Exactly what is Civil Litigation and an attorney at law servicing Alameda, California that will help you?
Civil litigation is the procedure by which civil matters are resolved in a court of law. Civil matters can be defined as situations dealing with relationships between people, perhaps a marriage, or a contract dispute between corporations. Rather than a case being a person versus the government, as in a criminal matter, civil cases are an individual or business filing suit against another individual or business.
Types of Civil Litigation
- Civil Rights
- Product Liability
- Civil Remedies
- Business Torts
- Civil Procedure
- Professional Malpractice
Answers to Frequently-Asked Important questions (FAQs): Federal & State Civil Litigation
Q: When is it time for you to speak with an attorney about potential civil litigation?
When anxious that a company dispute might lead to formal legal action, it is important that you talk about your options with federal litigation counsel. While legal action is just one way to address a dispute, there are other less-costly options available also. The earlier you get litigation counsel included, the better the opportunity you’ll need to find an informal solution that protects your business without the time and expense of litigation. While a highly skilled litigator can assert your company’s rights in the courtroom, he or she should also be able to help you out explore alternatives that actually do not involve setting course for trial.
Q: My business in Alameda has just been sued. What exactly do I need to find out about the civil litigation process?
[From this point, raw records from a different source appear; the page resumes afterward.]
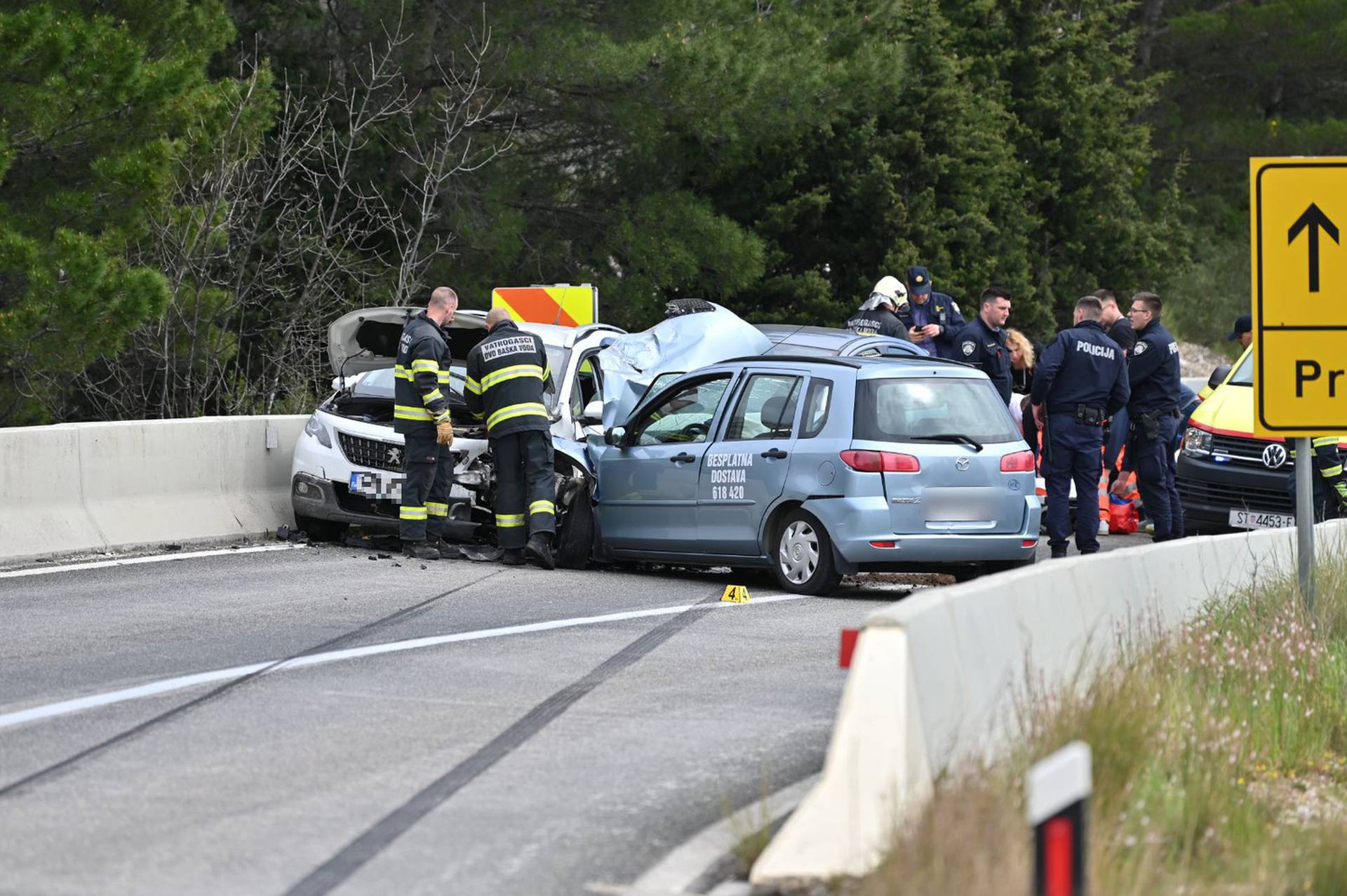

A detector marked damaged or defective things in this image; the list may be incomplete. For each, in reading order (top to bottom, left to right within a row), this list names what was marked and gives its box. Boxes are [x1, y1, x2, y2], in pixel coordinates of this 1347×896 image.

crumpled car hood [601, 302, 770, 428] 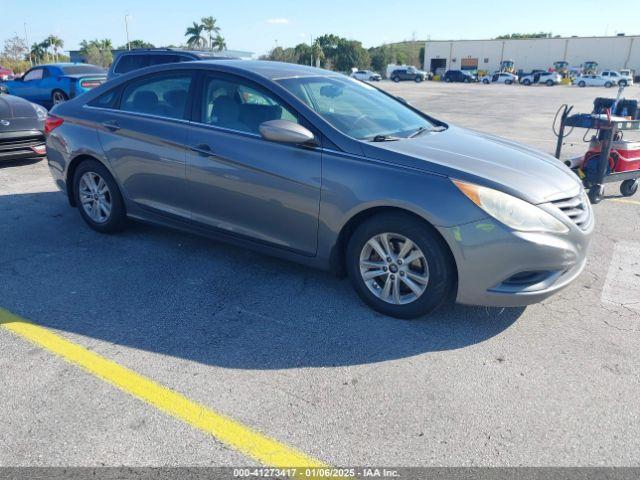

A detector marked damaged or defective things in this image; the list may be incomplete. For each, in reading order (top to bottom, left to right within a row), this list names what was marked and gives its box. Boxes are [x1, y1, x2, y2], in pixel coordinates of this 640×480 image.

cracked pavement [0, 81, 636, 464] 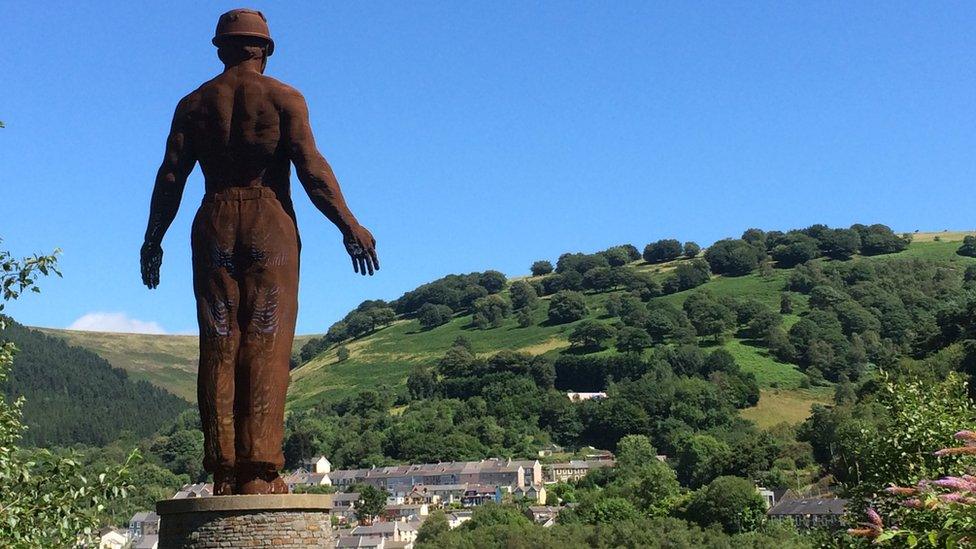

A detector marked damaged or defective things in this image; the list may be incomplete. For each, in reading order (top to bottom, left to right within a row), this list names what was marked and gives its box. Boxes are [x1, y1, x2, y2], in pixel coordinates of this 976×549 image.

rusty iron statue [141, 7, 378, 496] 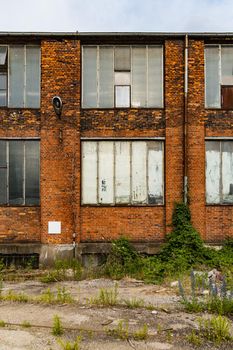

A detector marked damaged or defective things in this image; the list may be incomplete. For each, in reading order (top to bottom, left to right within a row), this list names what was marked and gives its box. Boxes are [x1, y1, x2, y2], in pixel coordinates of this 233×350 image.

rusty metal panel [81, 141, 97, 204]
rusty metal panel [97, 142, 114, 204]
rusty metal panel [115, 142, 131, 204]
cracked concrete ground [0, 278, 232, 348] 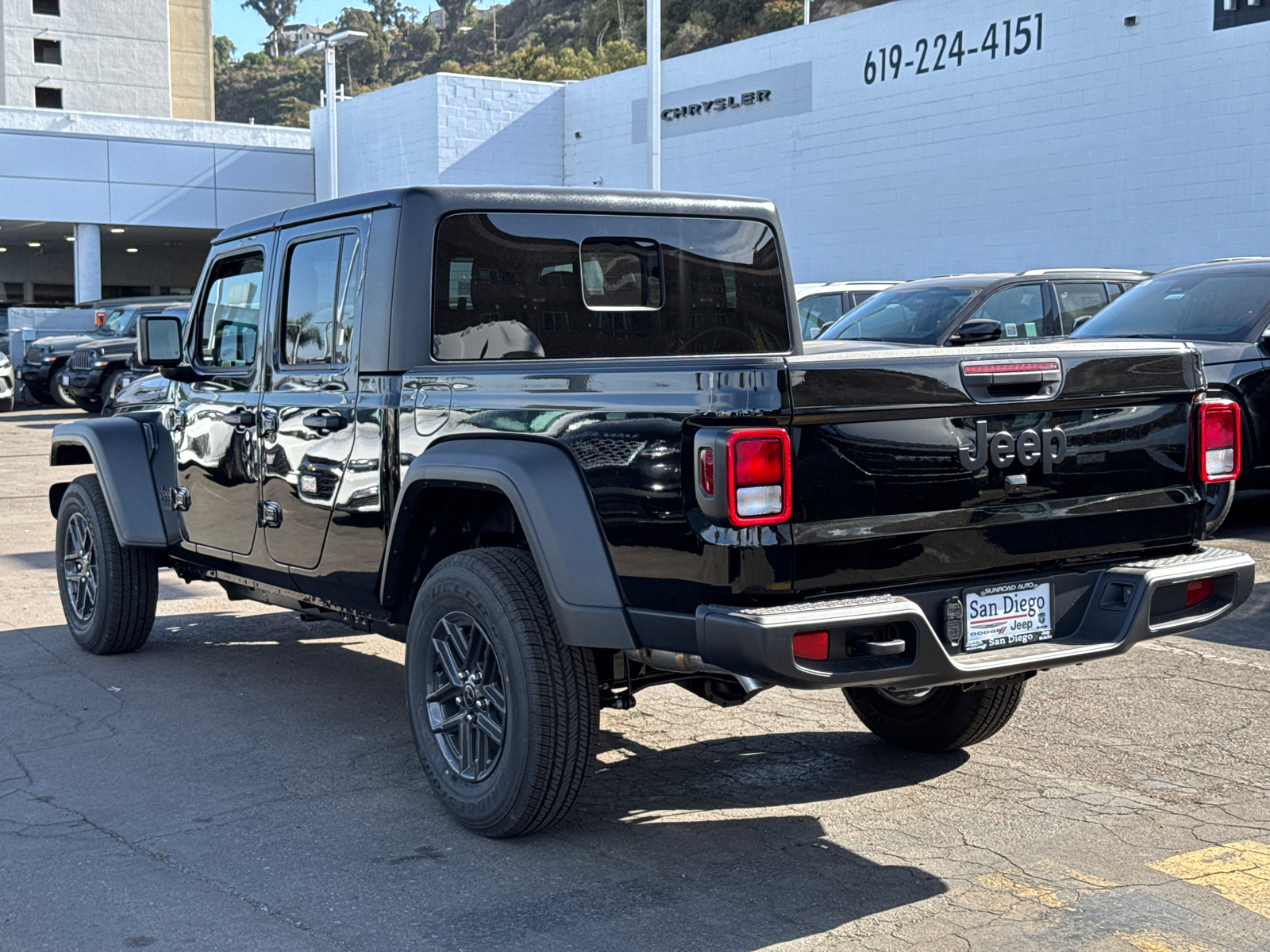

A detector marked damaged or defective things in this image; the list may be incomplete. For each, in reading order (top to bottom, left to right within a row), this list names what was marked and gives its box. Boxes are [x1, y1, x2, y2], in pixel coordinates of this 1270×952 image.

cracked pavement [2, 406, 1270, 949] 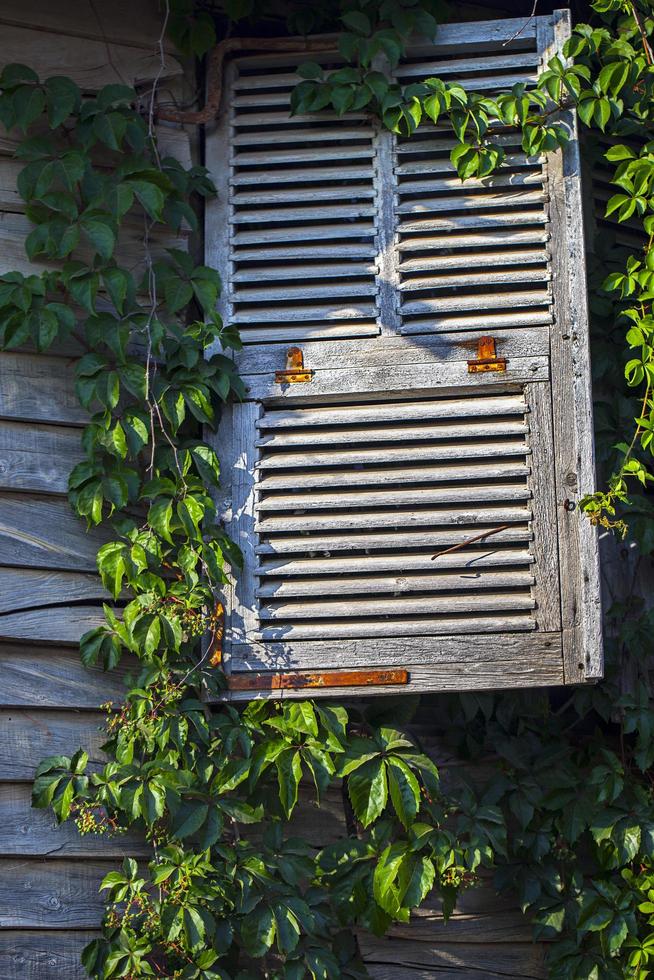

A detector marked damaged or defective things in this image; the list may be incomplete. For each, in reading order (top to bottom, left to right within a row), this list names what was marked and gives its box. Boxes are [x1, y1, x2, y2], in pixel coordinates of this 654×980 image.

rusty metal hinge [274, 346, 316, 384]
rusty metal bracket [274, 346, 316, 384]
rusted hinge plate [274, 346, 316, 384]
rusted hinge plate [468, 334, 510, 372]
rusty metal bracket [468, 336, 510, 376]
rusty metal hinge [468, 336, 510, 376]
rusted hinge plate [228, 668, 408, 692]
rusty metal hinge [228, 668, 408, 692]
rusty metal bracket [228, 668, 408, 692] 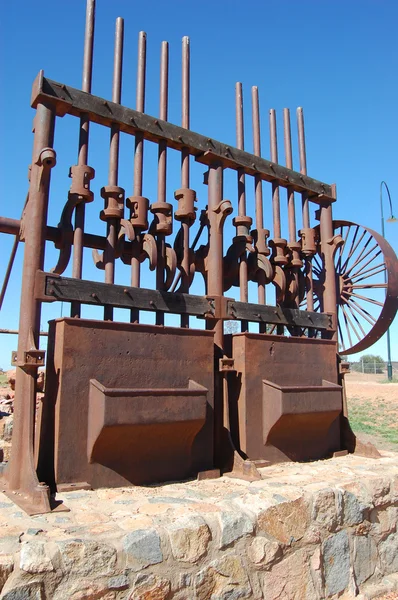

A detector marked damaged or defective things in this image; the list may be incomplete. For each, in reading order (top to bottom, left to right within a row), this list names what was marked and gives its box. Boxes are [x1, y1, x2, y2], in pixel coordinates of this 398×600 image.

rusted column [5, 101, 56, 512]
rusted steel beam [31, 73, 336, 202] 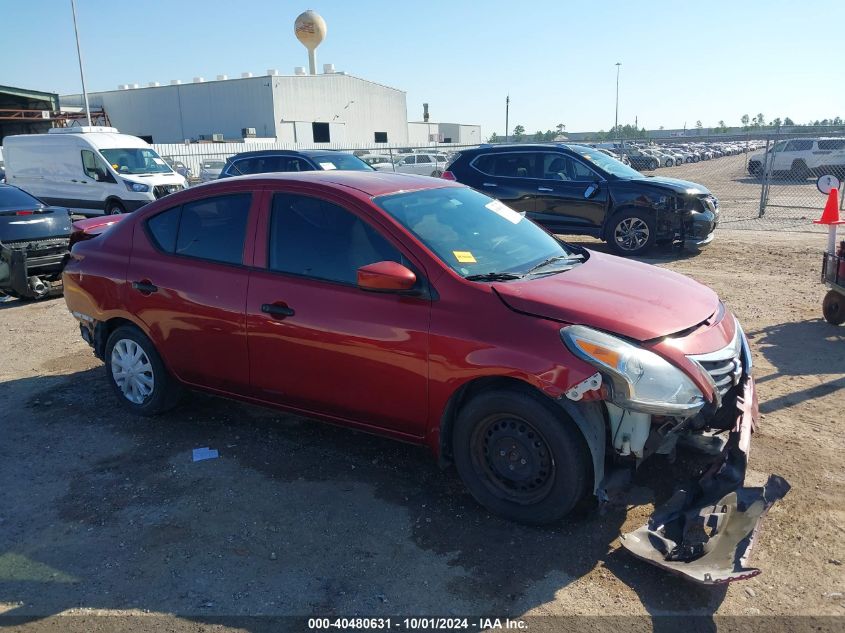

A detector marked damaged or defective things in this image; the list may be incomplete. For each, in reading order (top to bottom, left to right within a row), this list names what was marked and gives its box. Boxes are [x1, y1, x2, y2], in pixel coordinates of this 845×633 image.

damaged nissan [0, 184, 71, 300]
damaged nissan [64, 170, 784, 584]
cracked headlight [560, 324, 704, 418]
detached bumper [616, 378, 788, 584]
front-end collision damage [616, 378, 788, 584] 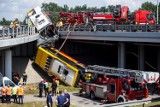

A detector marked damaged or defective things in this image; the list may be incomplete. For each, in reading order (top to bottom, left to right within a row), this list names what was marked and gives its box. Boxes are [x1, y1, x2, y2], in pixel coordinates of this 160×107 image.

overturned yellow bus [34, 46, 85, 86] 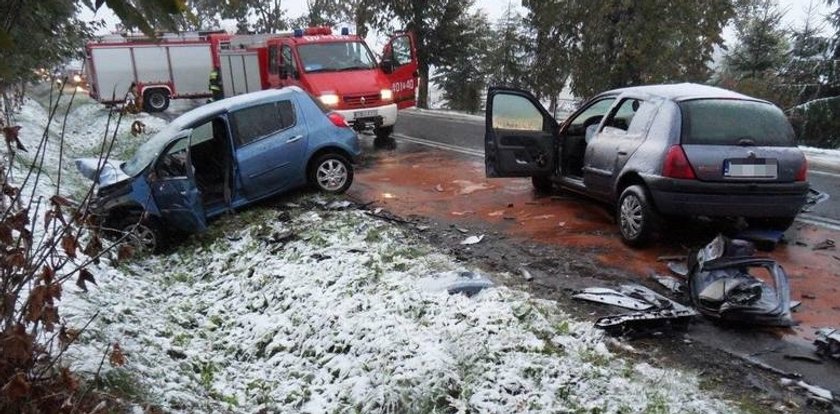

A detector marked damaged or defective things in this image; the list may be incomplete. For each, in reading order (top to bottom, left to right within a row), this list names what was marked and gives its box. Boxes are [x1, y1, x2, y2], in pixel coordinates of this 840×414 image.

If your enterprise has just been sued, the first thing you need to do is be sure you possess a clear understanding in the deadlines that apply inside your case. You’ll need to respond for the plaintiff’s complaint inside the timeframe specified beneath the applicable court guidelines (state or federal); and, for anyone who is going to challenge specific difficulties with all the complaint, you could possibly need to meet a specific deadline with regard to these challenges as well.
At this point, your firm also must initiate a “litigation hold.” This can be a systematic approach of preserving hardcopy and electronic records that may perhaps potentially be discoverable within the litigation. Relevant personnel must be advised accordingly, and it may also be necessary to suspend current records-management protocols – like these that involve the deletion or overwriting of electronic files within the ordinary course of business enterprise.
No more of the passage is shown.